### Stored data
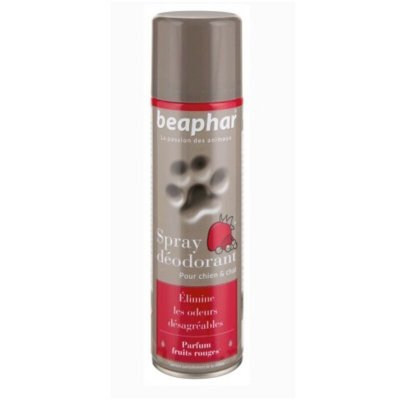 BEAPHAR  Spray D&eacute;odorant pour Chien et Chat 250ml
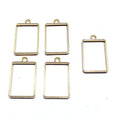 Rectangle Bezels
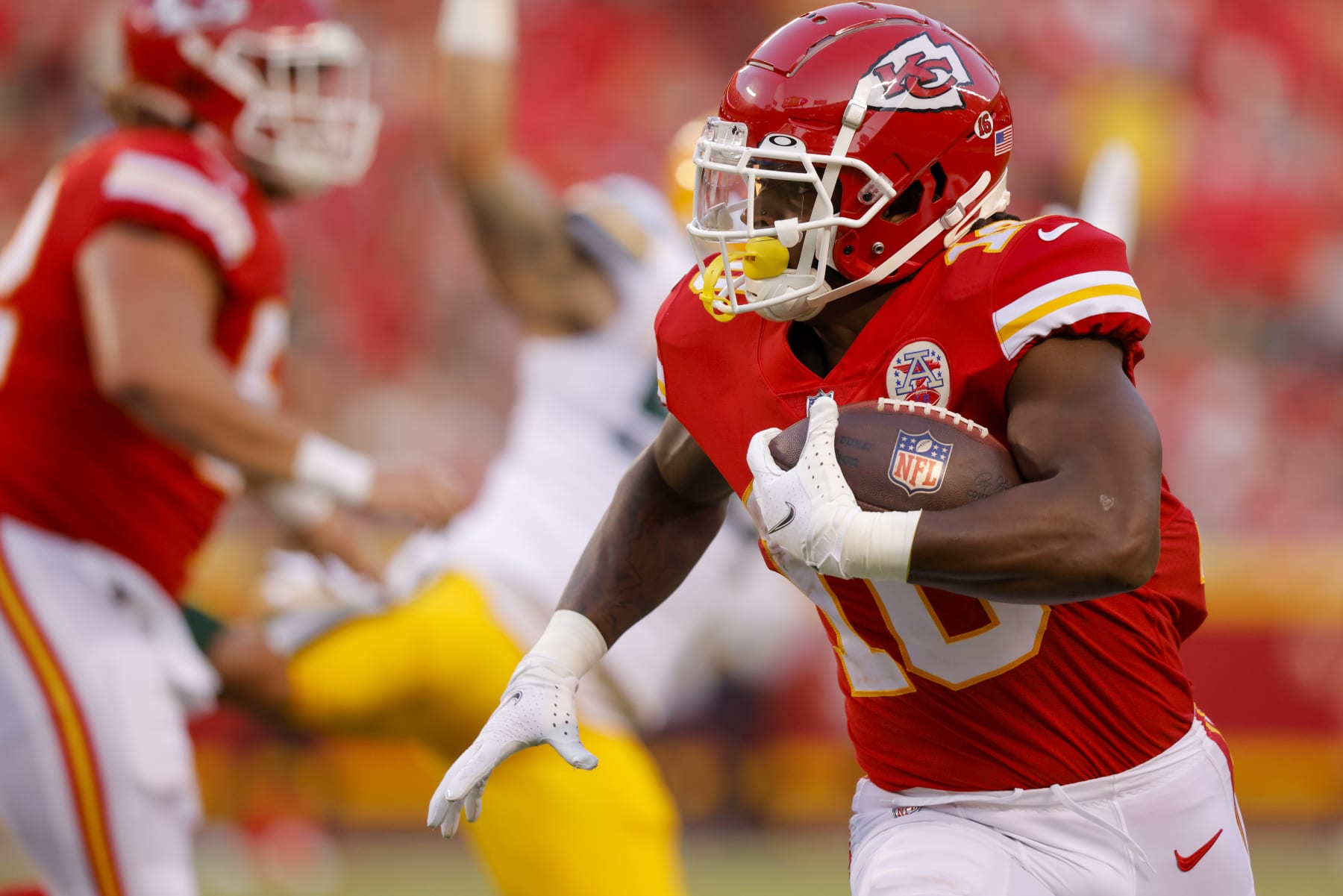 Fantasy Football Sleeper Alert: Kansas City Chiefs Rookie Isiah Pacheco 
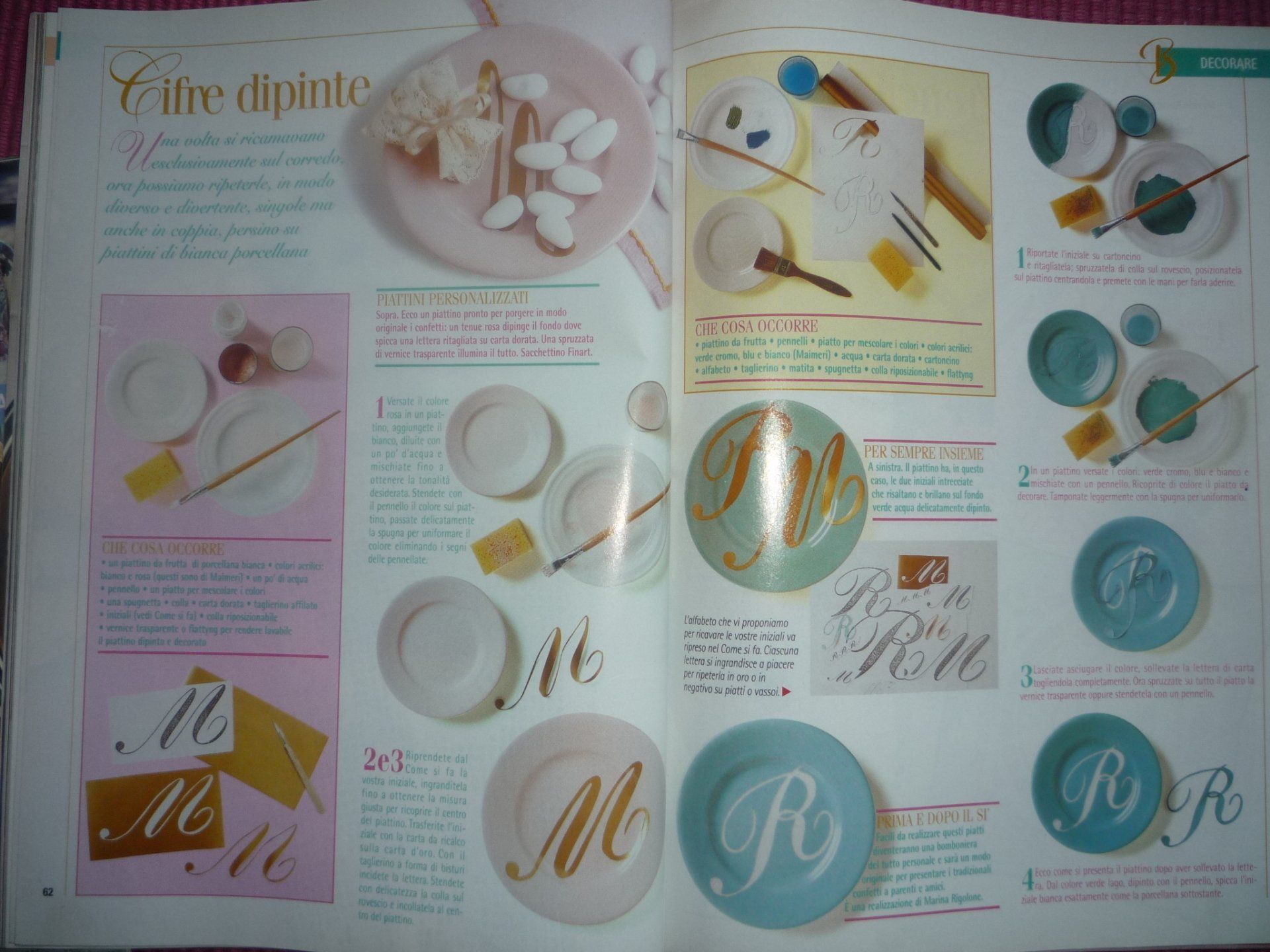 animali, cani, gatti, cavalli,  quadri, giornali, ritratti, dipinti, su misura, animali vestiti, oggetti, arredi, uova dipinte, piatti, decorazioni, trompe, fiori, stencil, decoupage, carta, colla, matita, pennello, olio su tela , riviste, libri, pubblicazioni, eventi, Marina Rigolone, artista, pittrice, decoratrice,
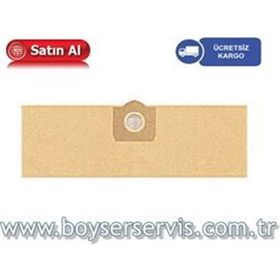 Fakir S 17NT Toz Süpürge Torbası
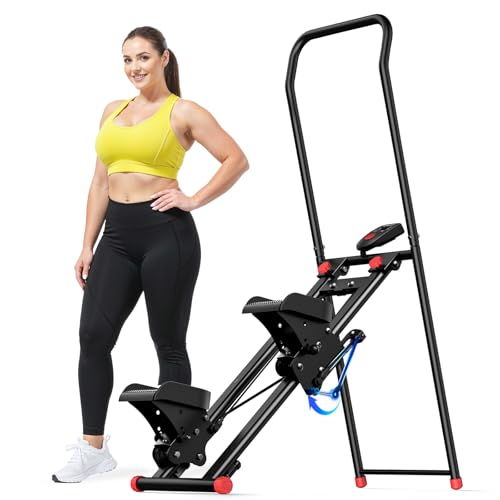 MERACH 2025 Neues Stair Stepper für Home Gym Übung,Vertical Climber...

### Problem to work on
Retype the lines starting with the one that holds "Fantasy Football Sleeper" and ending with the last line of the data above, both included; skip the pictures.

### Solution to this task
 Fantasy Football Sleeper Alert: Kansas City Chiefs Rookie Isiah Pacheco 
 animali, cani, gatti, cavalli,  quadri, giornali, ritratti, dipinti, su misura, animali vestiti, oggetti, arredi, uova dipinte, piatti, decorazioni, trompe, fiori, stencil, decoupage, carta, colla, matita, pennello, olio su tela , riviste, libri, pubblicazioni, eventi, Marina Rigolone, artista, pittrice, decoratrice,
 Fakir S 17NT Toz Süpürge Torbası
 MERACH 2025 Neues Stair Stepper für Home Gym Übung,Vertical Climber...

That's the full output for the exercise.